L’efficacité dans un réseau de données est similaire à celle qu’un transporteur met en œuvre pour s’assurer que ses fourguons sont tous utilisés au maximum de leur capacité de transport. L’efficacité peut également faire référence à la proportion du message occupée par son entête comparée à sa charge utile. Si envoyer un colis est facturé sur la base de son poids brut, l’expéditeur cherchera à minimiser le poids du carton d’emballage. Il en va du même des autoroutes dont le nombre de voies est déterminé de façon à éviter les bouchons mais également leur sous-utilisation. Le coût de réalisation et d’exploitation des autoroutes doit être en adéquation avec leur utilisation, leur financement dépendant des recettes aux péages. On parlera alors d’utilisation efficace des autoroutes. De la même manière, les coûts liés au déploiement et à la maintenance d’un réseau de données ainsi que sa capacité doivent être en adéquation avec le volume des données transportées, le nombre d’utilisateurs et le prix d’un abonnement Internet.

Résistance au facteur d’échelle

Une autre propriété est la résistance au facteur d’échelle (ou scalabilité). Il s’agit d’un principe de conception qui caractérise un système dont les performances ne sont pas, ou sont peu sensibles à une grandeur dénombrable croissante, caractérisant ce système. Cette grandeur peut faire référence au nombre d’utilisateurs ou de nœuds dans un réseau. Une autre grandeur peut aussi faire référence au nombre de messages en transit dans le réseau ou de requêtes que reçoit un serveur. Un transporteur de colis doit s’assurer du bon déroulement de ses opérations, y compris à l’occasion des fêtes de fin d’années.

Dans un réseau de données, pour assurer les nombreuses propriétés attendues concernant la livraison des données, un seul entête ne suffit pas.

Architecture en couches

Un message comprend donc une série d’entêtes ajoutée aux bits de données. Un entête est ajouté dans un but spécifique qui détermine le type d’informations contenues dans cet entête. L’ajout d’un entête se fait en sollicitant un programme qui prend en paramètre les bits de données.

Préalablement à leur envoi, les données transitent le long d’une chaîne de programmes qui chacun ajoute un entête. Le dernier programme à ajouter un entête ajoute également un enqueue.

Les bits de données passent par une série de programmes qui se relaient pour ajouter un entête supplémentaire avant que le message final soit prêt à être transmis sur le support de transmission. Le dernier programme à ajouter un entête, ajoute également des bits en fin du message appelés de ce fait enqueue du message.

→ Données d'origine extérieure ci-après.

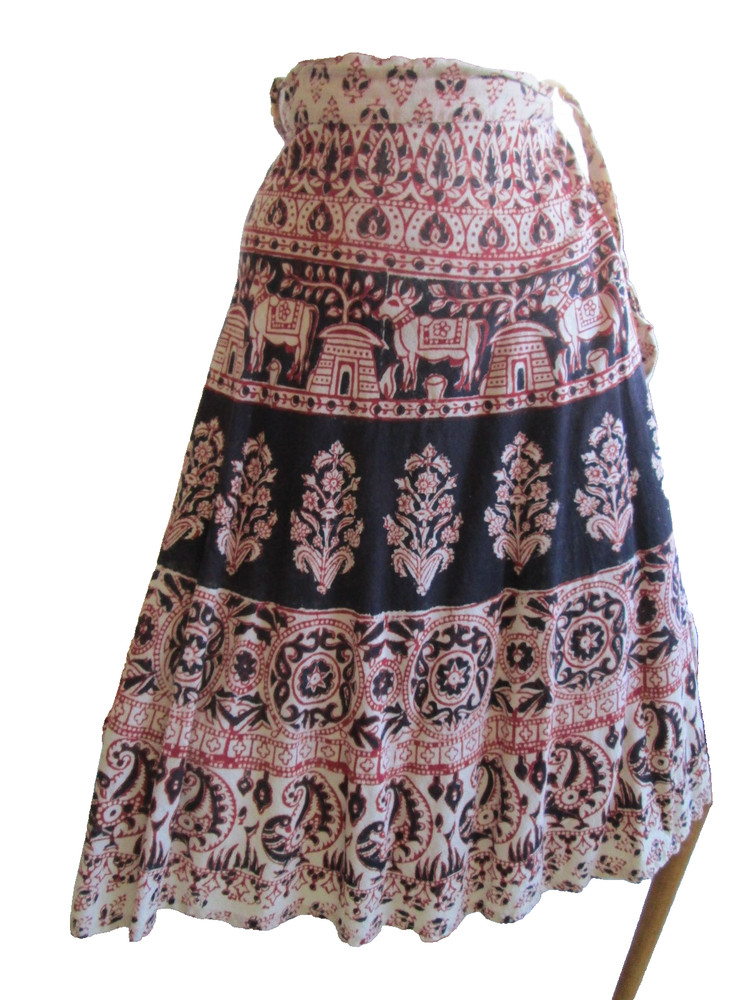 1970s Hippie boho INDIA Hand Blocked Wrap Skirt Paisley,Peacocks ,Symbols ethnic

A la réception du message final, les entêtes sont progressivement retirées en traversant une séquence de programmes similaire à celle traversée avant l’émission de ce message mais en sens inverse. Le dernier entête à avoir été ajouté est le plus externe (situé à gauche) et donc le plus accessible. Chaque programme accède uniquement à l’entête ajouté côté émetteur par son programme homologue.

Couches et protocoles

Dans Internet, les programmes qui contribuent à la préparation des données en vue de leur transmission sont au nombre de 5. En première position, on retrouve les programmes applicatifs qui génèrent les données côté émetteur et les consomment côté récepteur. En dernière position, on retrouve la carte réseau dont les composants matériels transforment le message sous la forme d’un signal émis sur le support de transmission.

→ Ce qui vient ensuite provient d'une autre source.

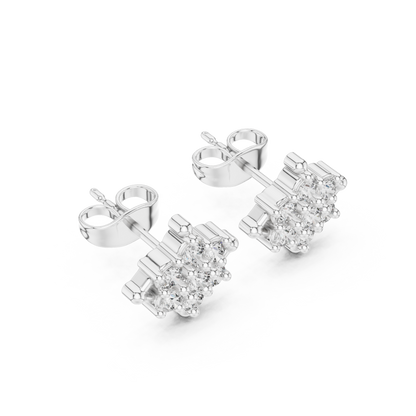 Petal Crown Cluster Diamond Studs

Les programmes qui contribuent à la préparation des données en vue de leur transmission sont au nombre de 5. Par souci de représentation, ces programmes sont empilés et on parle, de ce fait, de couches en lieu en place de ces programmes.

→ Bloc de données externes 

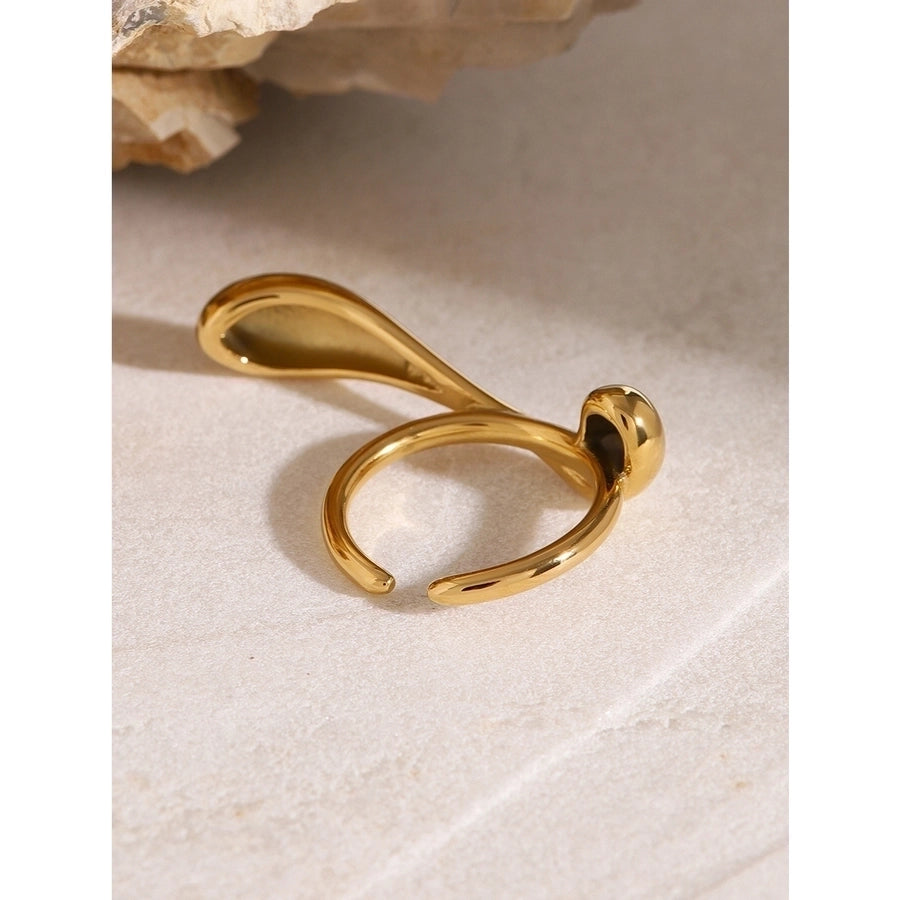 Jewelry Vacation Simple Style IG Style Water Droplets 316 Stainless Steel  18K Gold Plated Plating Open Rings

Empilement. Par souci de représentation, ces programmes sont empilés les uns sur les autres et la traversée des données se fait de haut en bas côté émetteur et de bas en haut côté récepteur. On parle alors de couches en lieu et place des programmes, une même couche pouvant être implémentée de plusieurs manières différentes selon les propriétés attendues de cette couche.

Protocole. Une couche collabore avec sa couche homologue distante selon des règles bien précises concernant la structure de l’entête qu’elle ajoute et retire aux messages. Ces règles définissent également les actions à exécuter en vue de l’émission ou suite à la réception d’un message. De ces actions peuvent résulter l’installation, la mise à jour ou la suppression d’un état. Un état fait référence à une valeur stockée en mémoire qui caractérise l’état de l’échange entre deux machines. L’ensemble de ces règles forme un protocole. Pour communiquer entre elles, deux machines exécutent simultanément plusieurs protocoles, un par couche.

Standardisation. Certains protocoles ont été standardisés rendant ainsi leurs spécifications accessibles à tous. C’est le cas par exemple de HTTP, le protocole qui régit les communications entre navigateurs et serveurs Web. Les spécifications de HTTP étant publiques, plusieurs navigateurs sont proposés par différentes sociétés telles que Microsoft ou Google. Du fait d’avoir été développés conformément au standard, navigateurs et serveurs savent communiquer entre eux, le logiciel coté serveur étant également conforme au standard.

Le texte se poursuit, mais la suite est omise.